## TASK DIRECTIONS
Transcribe the stretch of entries below from the line with "小学班干部竞选演讲稿（小学班干部竞选演讲稿100字）" through the line with "lot 114 image: 14 qt cooker in original box", exactly and with both ends included; leave out all other lines.

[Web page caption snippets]
--*--

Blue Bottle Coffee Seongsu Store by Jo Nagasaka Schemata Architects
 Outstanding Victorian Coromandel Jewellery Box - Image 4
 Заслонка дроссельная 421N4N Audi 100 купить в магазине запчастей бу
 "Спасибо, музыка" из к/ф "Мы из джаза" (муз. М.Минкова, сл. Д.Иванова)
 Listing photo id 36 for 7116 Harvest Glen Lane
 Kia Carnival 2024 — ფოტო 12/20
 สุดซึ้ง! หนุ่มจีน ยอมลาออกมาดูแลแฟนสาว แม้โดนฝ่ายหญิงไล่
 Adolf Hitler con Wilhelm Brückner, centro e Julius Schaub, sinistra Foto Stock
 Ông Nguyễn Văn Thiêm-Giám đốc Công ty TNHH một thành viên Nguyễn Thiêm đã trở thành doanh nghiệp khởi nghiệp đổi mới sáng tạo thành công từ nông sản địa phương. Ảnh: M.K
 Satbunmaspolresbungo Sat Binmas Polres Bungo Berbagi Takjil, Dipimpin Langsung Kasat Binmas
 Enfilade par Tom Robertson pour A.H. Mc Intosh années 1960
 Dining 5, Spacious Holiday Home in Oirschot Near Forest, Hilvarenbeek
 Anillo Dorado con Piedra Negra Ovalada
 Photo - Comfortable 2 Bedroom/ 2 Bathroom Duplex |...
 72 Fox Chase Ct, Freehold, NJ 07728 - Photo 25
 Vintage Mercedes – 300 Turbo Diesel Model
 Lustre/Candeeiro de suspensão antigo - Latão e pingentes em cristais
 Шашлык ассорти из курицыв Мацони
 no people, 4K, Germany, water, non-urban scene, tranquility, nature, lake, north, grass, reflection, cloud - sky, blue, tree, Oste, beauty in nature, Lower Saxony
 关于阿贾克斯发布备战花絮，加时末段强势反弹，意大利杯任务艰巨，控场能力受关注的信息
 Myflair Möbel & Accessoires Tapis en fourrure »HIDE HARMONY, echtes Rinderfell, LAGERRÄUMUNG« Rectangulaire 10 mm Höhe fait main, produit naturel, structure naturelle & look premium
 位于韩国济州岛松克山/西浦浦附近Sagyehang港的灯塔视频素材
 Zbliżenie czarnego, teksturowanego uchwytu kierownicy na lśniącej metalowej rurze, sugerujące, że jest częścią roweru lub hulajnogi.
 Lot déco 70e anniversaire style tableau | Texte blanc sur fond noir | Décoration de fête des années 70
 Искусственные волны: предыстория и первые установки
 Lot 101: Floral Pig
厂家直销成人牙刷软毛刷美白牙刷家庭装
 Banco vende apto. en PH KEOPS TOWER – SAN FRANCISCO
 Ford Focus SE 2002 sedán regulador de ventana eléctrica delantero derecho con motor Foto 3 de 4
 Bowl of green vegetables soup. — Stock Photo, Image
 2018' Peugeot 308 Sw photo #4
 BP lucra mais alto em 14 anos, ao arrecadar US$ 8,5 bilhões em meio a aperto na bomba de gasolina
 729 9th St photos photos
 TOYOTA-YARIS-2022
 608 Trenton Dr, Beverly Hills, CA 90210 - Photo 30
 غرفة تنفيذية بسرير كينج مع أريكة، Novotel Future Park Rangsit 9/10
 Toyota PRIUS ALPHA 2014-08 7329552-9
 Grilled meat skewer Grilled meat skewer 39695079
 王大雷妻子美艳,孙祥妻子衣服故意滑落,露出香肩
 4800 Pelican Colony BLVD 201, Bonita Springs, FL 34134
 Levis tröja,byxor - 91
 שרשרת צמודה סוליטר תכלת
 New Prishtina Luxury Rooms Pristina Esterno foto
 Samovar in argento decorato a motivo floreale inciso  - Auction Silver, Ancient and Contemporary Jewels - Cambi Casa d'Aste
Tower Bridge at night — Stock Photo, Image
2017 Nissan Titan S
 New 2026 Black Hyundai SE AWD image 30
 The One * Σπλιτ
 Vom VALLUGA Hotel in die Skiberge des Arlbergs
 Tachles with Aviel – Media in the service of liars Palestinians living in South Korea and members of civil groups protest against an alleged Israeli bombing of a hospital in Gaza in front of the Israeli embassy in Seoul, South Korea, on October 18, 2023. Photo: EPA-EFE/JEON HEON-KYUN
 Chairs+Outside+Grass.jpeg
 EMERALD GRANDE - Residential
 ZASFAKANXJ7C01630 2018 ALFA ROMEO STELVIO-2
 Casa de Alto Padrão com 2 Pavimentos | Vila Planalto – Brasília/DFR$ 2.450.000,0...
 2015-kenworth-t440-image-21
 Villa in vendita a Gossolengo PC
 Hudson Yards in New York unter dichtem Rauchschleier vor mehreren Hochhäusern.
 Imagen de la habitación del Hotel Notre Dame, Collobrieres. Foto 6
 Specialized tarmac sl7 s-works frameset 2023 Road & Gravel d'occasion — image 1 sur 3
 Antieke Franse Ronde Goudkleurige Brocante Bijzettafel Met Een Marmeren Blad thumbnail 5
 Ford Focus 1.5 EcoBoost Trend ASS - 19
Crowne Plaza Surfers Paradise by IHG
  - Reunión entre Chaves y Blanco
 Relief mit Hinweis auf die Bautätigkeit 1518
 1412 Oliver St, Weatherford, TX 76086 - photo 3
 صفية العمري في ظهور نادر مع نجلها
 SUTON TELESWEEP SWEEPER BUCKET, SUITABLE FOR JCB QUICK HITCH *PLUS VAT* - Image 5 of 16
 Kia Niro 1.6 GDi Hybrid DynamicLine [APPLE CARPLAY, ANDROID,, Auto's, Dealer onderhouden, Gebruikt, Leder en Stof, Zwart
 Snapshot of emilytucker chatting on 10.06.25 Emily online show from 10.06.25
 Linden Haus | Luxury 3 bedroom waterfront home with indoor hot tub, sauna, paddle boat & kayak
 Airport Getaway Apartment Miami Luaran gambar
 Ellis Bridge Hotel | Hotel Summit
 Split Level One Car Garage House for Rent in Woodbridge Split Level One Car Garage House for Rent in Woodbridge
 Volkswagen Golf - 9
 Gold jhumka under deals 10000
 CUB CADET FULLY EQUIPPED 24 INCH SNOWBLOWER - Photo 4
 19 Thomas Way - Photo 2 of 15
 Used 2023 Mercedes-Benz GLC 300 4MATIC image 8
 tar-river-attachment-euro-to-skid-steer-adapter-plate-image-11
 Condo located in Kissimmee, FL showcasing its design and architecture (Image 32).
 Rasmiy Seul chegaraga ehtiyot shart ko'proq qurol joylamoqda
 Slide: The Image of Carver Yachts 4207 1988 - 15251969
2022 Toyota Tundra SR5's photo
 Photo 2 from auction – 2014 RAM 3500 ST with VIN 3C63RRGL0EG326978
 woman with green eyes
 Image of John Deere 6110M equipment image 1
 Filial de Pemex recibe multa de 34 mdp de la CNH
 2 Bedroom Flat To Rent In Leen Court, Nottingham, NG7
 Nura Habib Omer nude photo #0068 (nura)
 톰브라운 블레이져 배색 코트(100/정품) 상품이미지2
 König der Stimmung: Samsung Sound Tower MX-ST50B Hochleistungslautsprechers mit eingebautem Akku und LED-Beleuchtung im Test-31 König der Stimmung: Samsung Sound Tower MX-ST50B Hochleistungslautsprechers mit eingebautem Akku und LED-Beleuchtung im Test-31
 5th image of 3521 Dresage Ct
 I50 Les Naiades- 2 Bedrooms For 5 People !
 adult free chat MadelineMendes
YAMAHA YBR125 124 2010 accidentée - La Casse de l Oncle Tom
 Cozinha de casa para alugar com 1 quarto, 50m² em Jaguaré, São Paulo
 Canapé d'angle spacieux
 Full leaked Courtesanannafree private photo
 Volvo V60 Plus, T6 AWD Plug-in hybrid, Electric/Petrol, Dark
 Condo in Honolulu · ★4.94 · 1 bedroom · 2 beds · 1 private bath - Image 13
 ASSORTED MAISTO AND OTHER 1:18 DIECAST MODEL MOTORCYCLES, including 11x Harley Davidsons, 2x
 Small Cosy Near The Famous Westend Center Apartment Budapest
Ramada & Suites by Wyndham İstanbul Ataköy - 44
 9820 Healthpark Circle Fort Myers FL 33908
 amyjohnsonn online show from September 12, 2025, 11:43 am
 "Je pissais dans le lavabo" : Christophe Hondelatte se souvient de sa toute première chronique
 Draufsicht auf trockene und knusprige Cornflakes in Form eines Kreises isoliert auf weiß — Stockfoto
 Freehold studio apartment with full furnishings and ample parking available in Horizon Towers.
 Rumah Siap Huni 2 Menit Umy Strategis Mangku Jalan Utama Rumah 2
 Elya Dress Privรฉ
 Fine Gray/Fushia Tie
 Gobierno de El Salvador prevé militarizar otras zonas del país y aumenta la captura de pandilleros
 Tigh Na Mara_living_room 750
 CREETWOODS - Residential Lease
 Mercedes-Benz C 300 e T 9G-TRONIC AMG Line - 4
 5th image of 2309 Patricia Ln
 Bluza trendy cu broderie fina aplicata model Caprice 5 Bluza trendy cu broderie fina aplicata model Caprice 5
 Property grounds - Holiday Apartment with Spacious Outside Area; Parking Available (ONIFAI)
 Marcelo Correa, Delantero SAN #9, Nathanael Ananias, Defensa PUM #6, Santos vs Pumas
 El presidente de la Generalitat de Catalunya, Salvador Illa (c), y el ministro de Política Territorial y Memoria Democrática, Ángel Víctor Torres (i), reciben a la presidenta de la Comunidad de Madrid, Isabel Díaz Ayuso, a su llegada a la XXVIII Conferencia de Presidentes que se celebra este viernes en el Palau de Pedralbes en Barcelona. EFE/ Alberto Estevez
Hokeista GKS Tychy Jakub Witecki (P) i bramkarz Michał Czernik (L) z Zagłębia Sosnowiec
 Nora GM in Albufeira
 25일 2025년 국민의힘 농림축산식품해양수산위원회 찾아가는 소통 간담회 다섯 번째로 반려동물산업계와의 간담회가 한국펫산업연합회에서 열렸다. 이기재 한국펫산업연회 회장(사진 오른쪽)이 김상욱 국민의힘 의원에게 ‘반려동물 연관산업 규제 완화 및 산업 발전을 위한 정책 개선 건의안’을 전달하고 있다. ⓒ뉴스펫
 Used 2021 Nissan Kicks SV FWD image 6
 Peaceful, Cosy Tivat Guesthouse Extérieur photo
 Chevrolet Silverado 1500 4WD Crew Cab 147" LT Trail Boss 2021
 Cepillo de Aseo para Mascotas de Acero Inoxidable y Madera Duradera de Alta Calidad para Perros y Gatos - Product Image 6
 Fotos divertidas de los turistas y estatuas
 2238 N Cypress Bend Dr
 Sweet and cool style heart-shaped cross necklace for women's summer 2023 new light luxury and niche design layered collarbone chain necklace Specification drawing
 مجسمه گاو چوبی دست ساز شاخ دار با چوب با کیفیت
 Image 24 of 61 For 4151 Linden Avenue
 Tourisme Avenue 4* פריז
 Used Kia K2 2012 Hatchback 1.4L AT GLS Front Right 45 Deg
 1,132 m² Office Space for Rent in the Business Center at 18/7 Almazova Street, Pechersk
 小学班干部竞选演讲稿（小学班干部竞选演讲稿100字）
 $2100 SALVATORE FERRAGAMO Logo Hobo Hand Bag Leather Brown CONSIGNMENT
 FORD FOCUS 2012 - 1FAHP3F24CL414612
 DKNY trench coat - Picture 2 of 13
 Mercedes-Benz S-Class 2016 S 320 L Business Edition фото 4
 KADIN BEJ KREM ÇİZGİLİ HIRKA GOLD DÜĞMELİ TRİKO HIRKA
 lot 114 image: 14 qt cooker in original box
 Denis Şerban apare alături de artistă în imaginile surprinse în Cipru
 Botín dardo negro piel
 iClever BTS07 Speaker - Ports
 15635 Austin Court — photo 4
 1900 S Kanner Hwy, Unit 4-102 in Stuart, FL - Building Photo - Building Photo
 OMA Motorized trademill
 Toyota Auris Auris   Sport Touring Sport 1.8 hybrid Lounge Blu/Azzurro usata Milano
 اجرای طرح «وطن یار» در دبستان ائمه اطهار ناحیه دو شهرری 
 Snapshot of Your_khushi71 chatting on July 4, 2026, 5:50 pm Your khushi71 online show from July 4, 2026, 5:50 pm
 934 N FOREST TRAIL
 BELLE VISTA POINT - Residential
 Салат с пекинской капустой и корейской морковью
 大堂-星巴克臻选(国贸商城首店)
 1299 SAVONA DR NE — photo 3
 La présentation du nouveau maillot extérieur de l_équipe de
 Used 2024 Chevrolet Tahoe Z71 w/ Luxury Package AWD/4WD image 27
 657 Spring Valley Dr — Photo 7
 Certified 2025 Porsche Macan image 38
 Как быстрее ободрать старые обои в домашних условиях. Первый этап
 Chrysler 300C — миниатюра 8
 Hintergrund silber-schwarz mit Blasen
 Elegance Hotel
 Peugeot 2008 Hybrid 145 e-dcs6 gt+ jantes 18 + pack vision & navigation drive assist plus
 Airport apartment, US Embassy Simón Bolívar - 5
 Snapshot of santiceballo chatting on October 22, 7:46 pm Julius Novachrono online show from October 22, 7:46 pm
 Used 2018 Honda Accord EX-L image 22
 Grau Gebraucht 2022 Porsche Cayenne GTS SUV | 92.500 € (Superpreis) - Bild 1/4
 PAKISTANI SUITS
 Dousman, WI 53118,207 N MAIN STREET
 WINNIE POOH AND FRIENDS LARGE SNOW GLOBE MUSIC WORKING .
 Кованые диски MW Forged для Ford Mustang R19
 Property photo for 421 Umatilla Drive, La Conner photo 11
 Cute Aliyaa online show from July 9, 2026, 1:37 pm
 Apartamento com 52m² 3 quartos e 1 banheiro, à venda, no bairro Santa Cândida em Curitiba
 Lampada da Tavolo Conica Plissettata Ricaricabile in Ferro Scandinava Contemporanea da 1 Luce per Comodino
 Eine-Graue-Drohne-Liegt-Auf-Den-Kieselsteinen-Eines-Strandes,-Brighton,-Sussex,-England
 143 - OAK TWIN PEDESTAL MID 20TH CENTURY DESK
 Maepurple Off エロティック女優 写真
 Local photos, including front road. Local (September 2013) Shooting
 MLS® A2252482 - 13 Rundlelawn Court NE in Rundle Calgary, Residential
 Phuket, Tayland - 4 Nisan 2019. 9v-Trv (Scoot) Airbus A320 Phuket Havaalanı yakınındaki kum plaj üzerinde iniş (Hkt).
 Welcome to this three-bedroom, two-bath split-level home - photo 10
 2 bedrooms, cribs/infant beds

--*--

## RESULT FOR THIS EXERCISE
 小学班干部竞选演讲稿（小学班干部竞选演讲稿100字）
 $2100 SALVATORE FERRAGAMO Logo Hobo Hand Bag Leather Brown CONSIGNMENT
 FORD FOCUS 2012 - 1FAHP3F24CL414612
 DKNY trench coat - Picture 2 of 13
 Mercedes-Benz S-Class 2016 S 320 L Business Edition фото 4
 KADIN BEJ KREM ÇİZGİLİ HIRKA GOLD DÜĞMELİ TRİKO HIRKA
 lot 114 image: 14 qt cooker in original box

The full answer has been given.